With what is probably the most extensive system of bureaucracy and inverted preferment in world-history, any talk of "competitiveness" in Canada is plainly comical. For the past three decades, Canadians have been utterly content in selling primary products and non-renewable natural resources to maintain, for the vast majority of the population, what -- in the context of the planet today, and the rest of human history -- is a grotesquely inflated lifestyle. Indeed, there seems to be nothing to Canada today but the continued maintenance of a high standard of living and the vaunted social programs (especially the healthcare system); and the proclaimed right of anyone living or arriving here to enjoy all these benefits without one iota of responsibilities.
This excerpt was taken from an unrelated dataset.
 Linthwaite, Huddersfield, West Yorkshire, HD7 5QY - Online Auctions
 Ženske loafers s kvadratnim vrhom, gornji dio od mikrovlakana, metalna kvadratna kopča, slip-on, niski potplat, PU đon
A lot of that I can't argue with and I do believe that a lot of our history has been wrung through the "PC filter." I remember being in Vancouver in 1992, the 200th anniversary of George Vancouver's surveying expedition to the Strait of Georgia, and being struck by how Captain Vancouver's acheivements were downplayed (fer Christsake's they named the city after him after all!) with several groups calling him an Imperialist or Nazi etc. etc. This historic anniversary died without much celebration in the city named after him.

The English-Canadians of those days certainly did not fight with the image of a multicultural Toronto of the 1990s -- where their male descendants would be subject to formal discrimination in employment, and be the victims of constant jibes in the mass-culture -- in their hearts and minds. Nor, one doubts, even today, would Canadian troops (the overwhelming majority of whom are either English or French) be willing to die for the sake of all of Canada becoming another region of the Third World.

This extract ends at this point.